Und in Tübingen wird derzeit der Hölderlinturm saniert, das Museum soll zum 250. Geburtstag wieder öffnen. Bürgermeisterin Christine Arbogast sagte zum Baubeginn: "Der Hölderlinturm ist einer der zentralen Erinnerungsorte der Weltliteratur". Im Jahr 1807 hatte der Schreinermeister Ernst Friedrich Zimmer das Haus erworben. Über seiner Werkstatt im Erdgeschoss stand ihm eine Wohnung zur Verfügung, in die er im gleichen Jahr Hölderlin aufnahm. Bis 1865 blieb das Haus im Besitz der Familie Zimmer.
Anfang 2020 soll der Hölderlinturm mit einem neuen Ausstellungskonzept wieder für das Publikum geöffnet werden. Die Räumlichkeiten werden sich über das Erdgeschoss und die beiden darüber liegenden Stockwerke erstrecken. Die Besucher sollen dazu angeregt werden, den Gründen von Hölderlins Rückzug in den Turm selbst nachzuspüren.

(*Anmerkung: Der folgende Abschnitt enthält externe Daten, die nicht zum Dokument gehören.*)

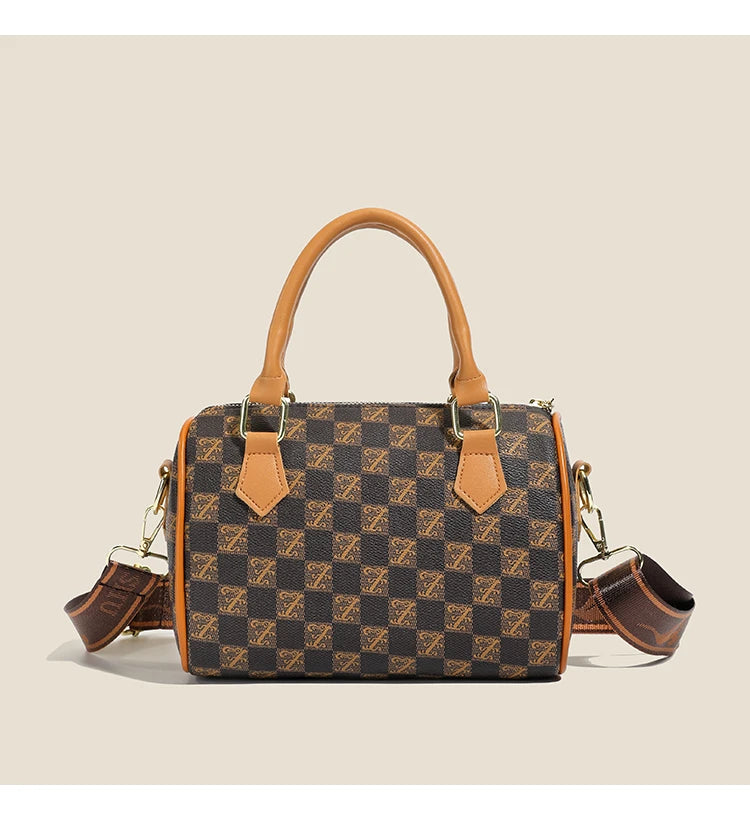 New vintage printed Boston handbag, trendy bags, versatile messenger bag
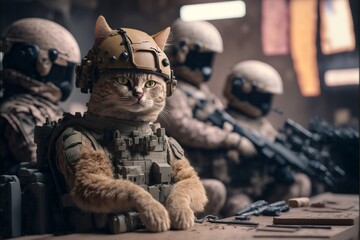 Wall Mural - Cat as a soldier of the Ukrainian army created with generative AI technology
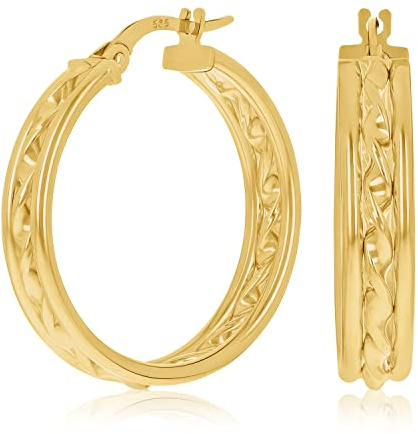 Italian 14k Yellow Gold Rope Creole Hoop Earrings 1 5mm 2.7 grams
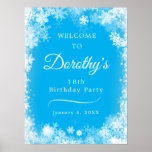 Poster Téléchargeable 18th Birthday Snowflake Blue Welcom<br><div class="desc">Donnez le ton pour votre 18e anniversaire avec ce coupe-feu d'Affiche de bienvenue Winter Wonderland Snowflake. Pour votre commodité, cette affiche peut être téléchargée ainsi que commandée sur papier. Le texte blanc sur le joli arrière - plan bleu est vraiment pop et la bordure blanche de flocon de neige le...</div>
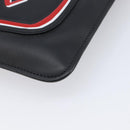 FENDI Monster Clutch Bag Leather Black Silver Auth ep17180A-8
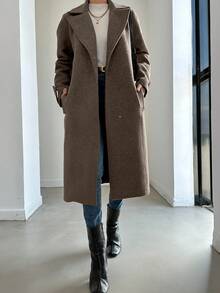 EURMUSE Women's Autumn/Winter Lapel NeckPocket Long Overcoat - Mocha Brown - View 5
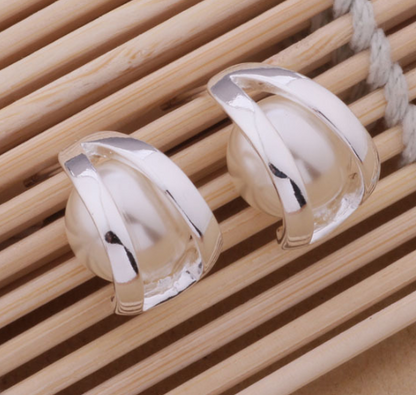925 Silver Pearl Stud Earrings for Women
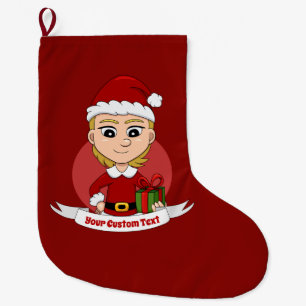 Kut kerstmeisje met kort blond haar grote kerstsok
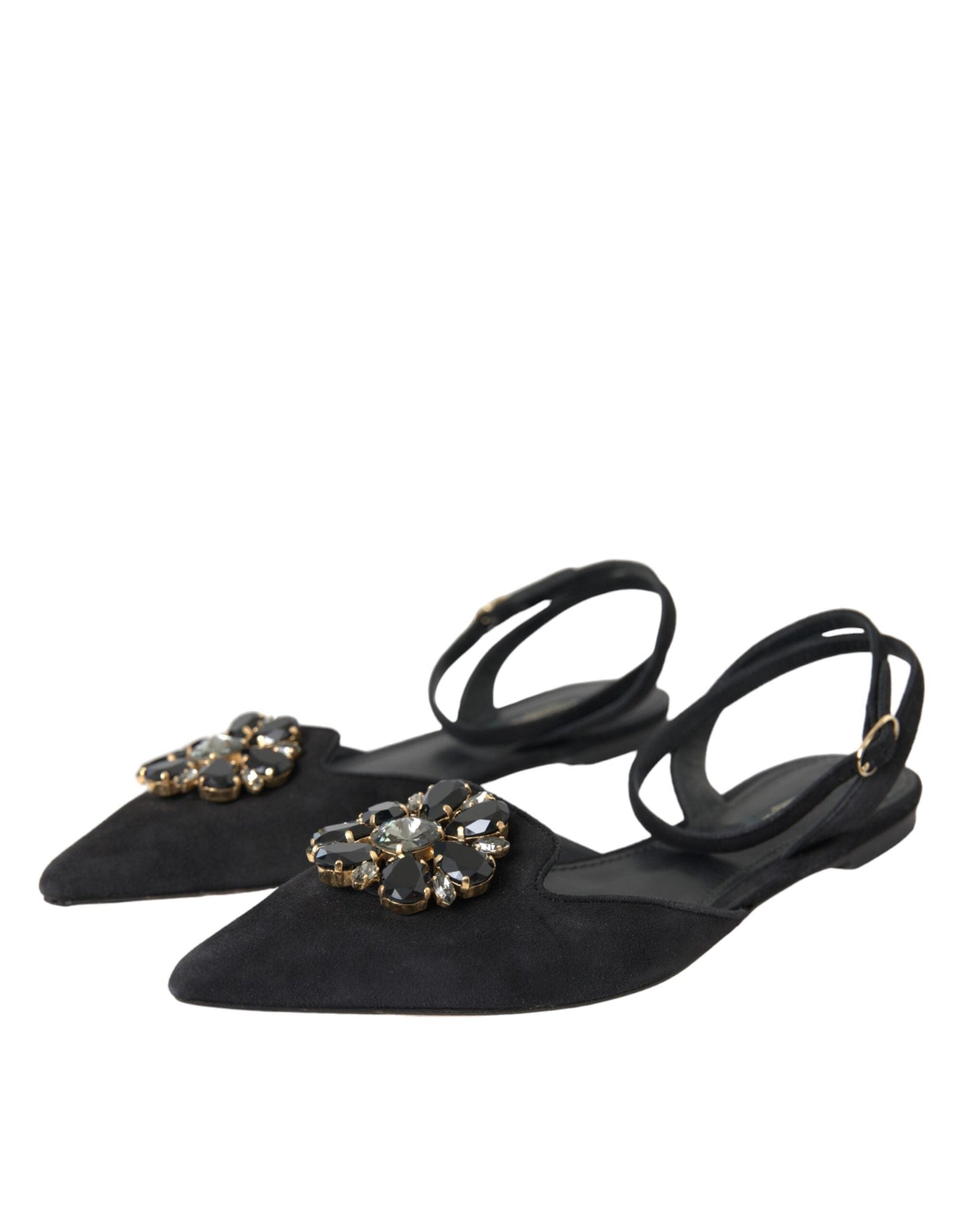Dolce & Gabbana Black Leather Crystal Slingback Sandals Women's Shoes (Pre-Owned)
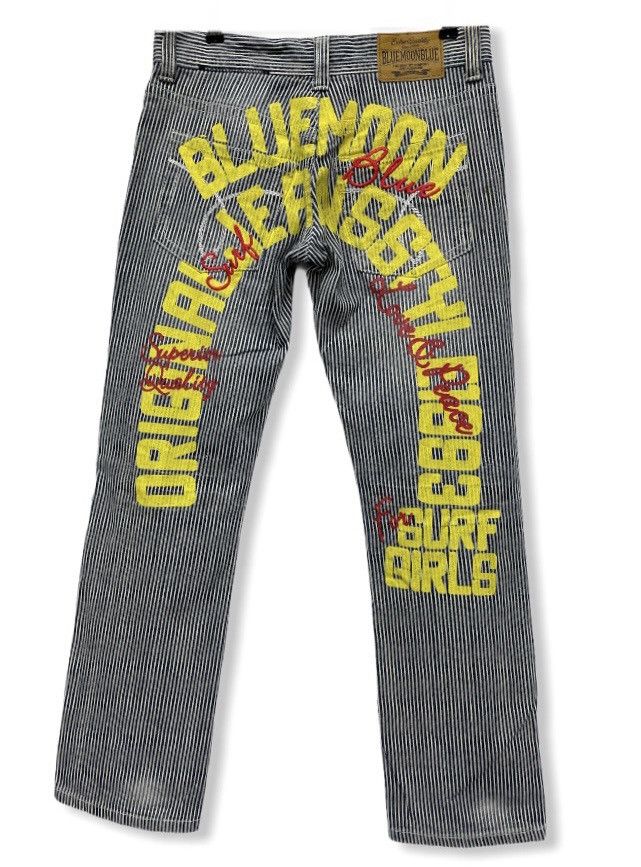 Japanese Brand 90’s BLUEMOONBLUE Vtg Hickory Stripes Evisu Daicock Style Size US 31 - 1 Thumbnail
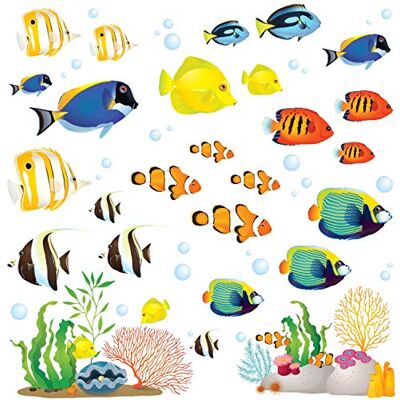 DECOWALL DS-8035 Poisson De Récif De Corail Autocollants Muraux Mural Stickers Chambre Enfants Bébé Garderie Salon(Petit) DECOWALL DS-8035 Poisson De Récif De Corail Autocollants Muraux Mural Stickers Chambre Enfants Bébé Garderie Salon(Petit)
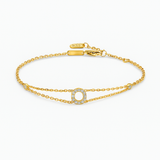 0.11ct - Letter Bracelet “O” – 18K Yellow Gold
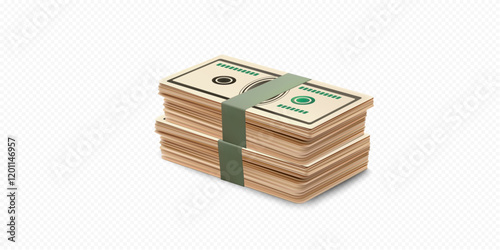 Freshly prepared bundles of currency stacked neatly on a surface, reflecting the importance of money management and financial transactions in a professional setting.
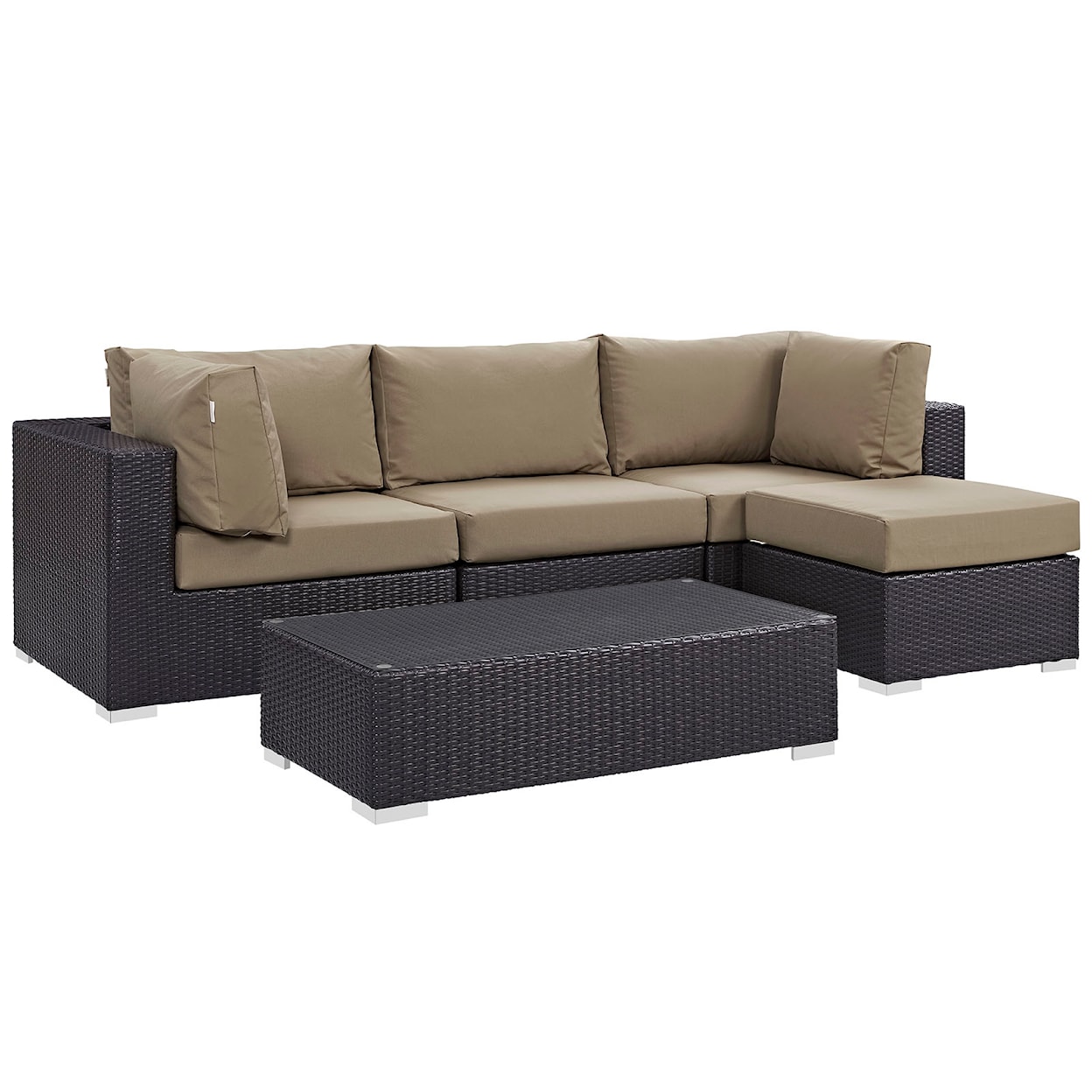 Modway Convene Outdoor 5 Piece Sectional Set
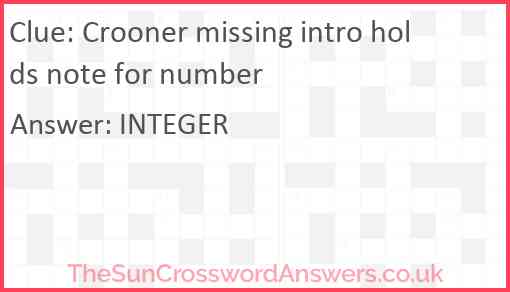 Crooner missing intro holds note for number Answer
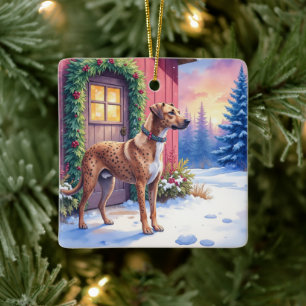 Catahoula Leopard Dog Rustic Barn Christmas Art Ceramic Ornament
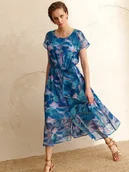 Sukienki - Sukienka ze srebrną wypustką - miniaturka - grafika 1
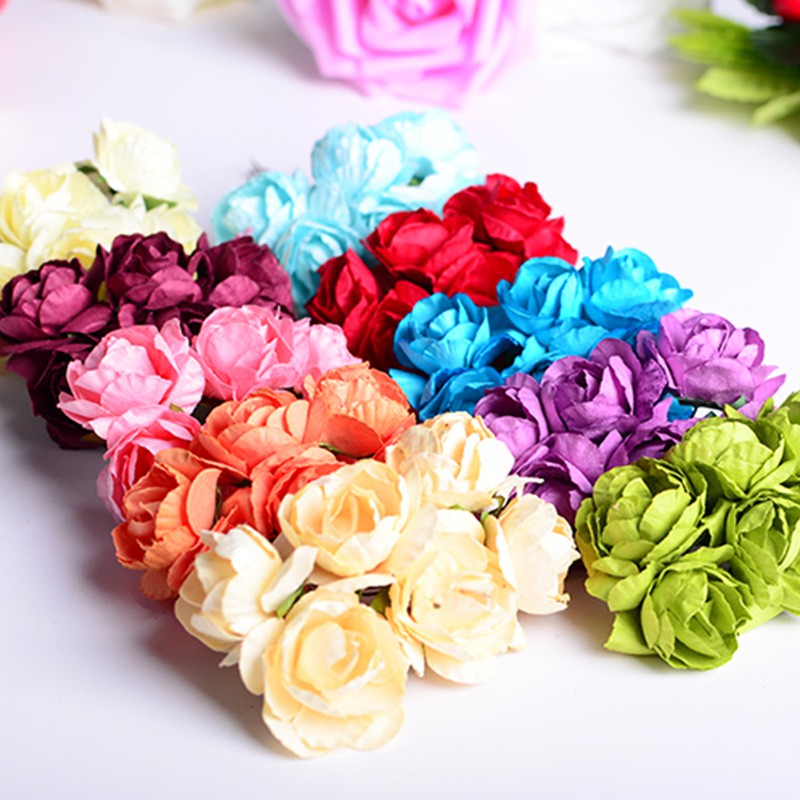 Hoa giấy to 2,5cm chùm 6 bông phụ kiện handmade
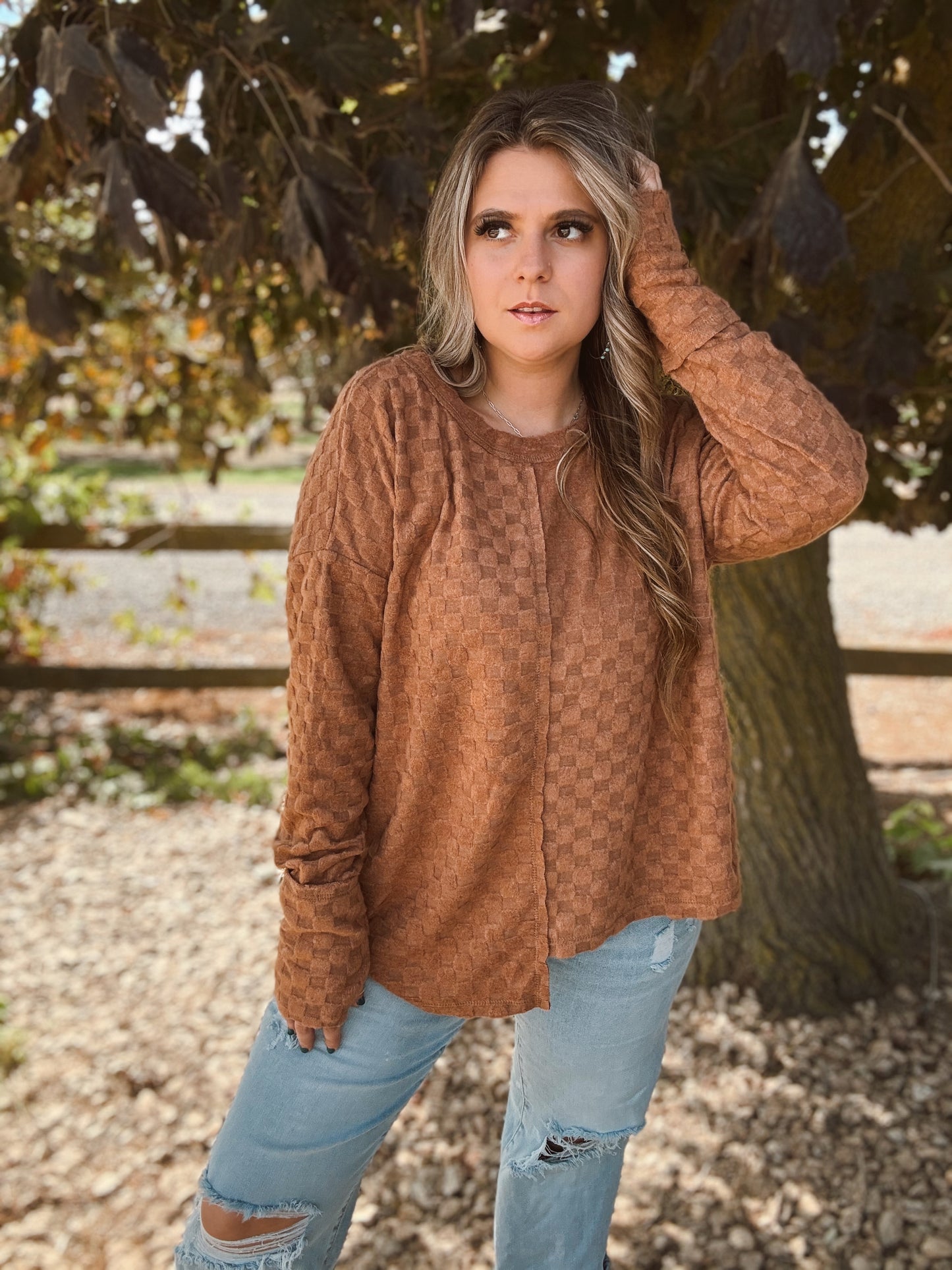 Soft Camel Checker Long Sleeve Top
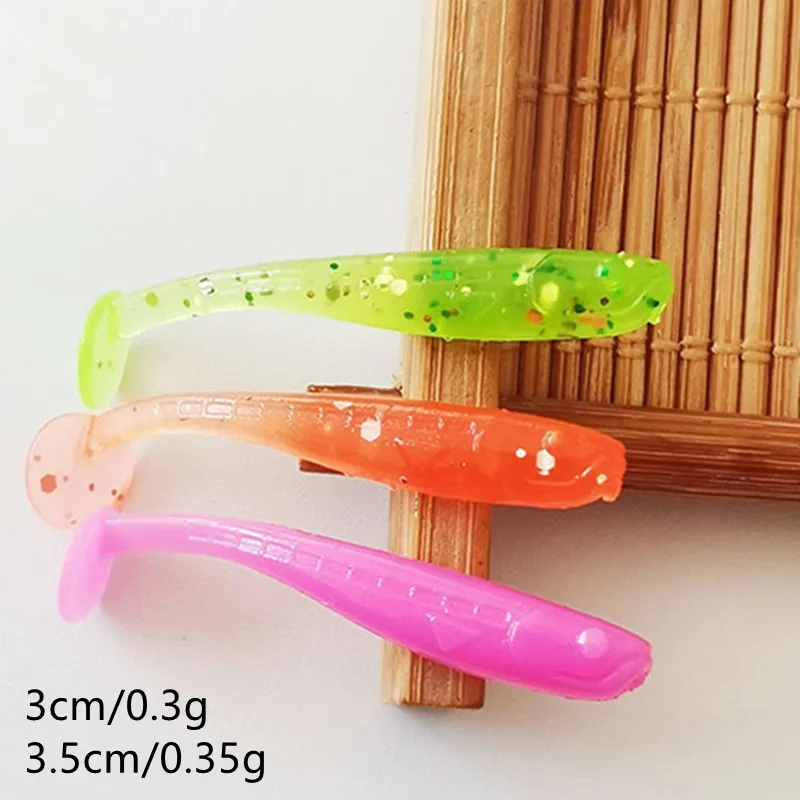 Ufishing 10 Teile/los Micro PVC Angeln Wurm Köder 3,5 cm Fisch Weichen Köder Mit T-schwanz Künstliche Köder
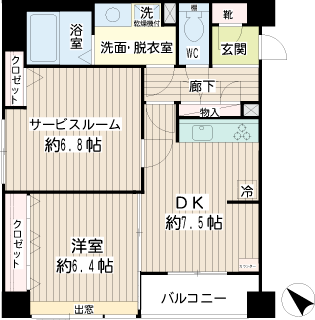 横浜市神奈川区の賃貸マンション　アキラクワトロ　間取りです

Ein Friedrich-Hölderlin-Preis wird von Universität und Stadt Tübingen (seit 1989 zweijährlich) wie auch von der hessischen Stadt Bad Homburg vor der Höhe (seit 1983 jährlich), wo Hölderlin zeitweise lebte, regelmäßig vergeben. Der Bad Homburger Hölderlin-Preis, seit 2008 mit 20.000 Euro dotiert, hat überregionale Strahlkraft entwickelt. Mit ihm ist ein Förderpreis (7500 Euro) verbunden.
Die Heidelberger Dichterin Hilde Domin erhielt den Hauptpreis 1992, im Jahr 2000 ging er an den Mitinitiator Marcel Reich-Ranicki. Nun wird Daniel Kehlmanns Gesamtwerk mit dem Friedrich-Hölderlin-Preis 2018 gewürdigt. Die Auszeichnung wird am 10. Juni in der Schlosskirche der Stadt überreicht.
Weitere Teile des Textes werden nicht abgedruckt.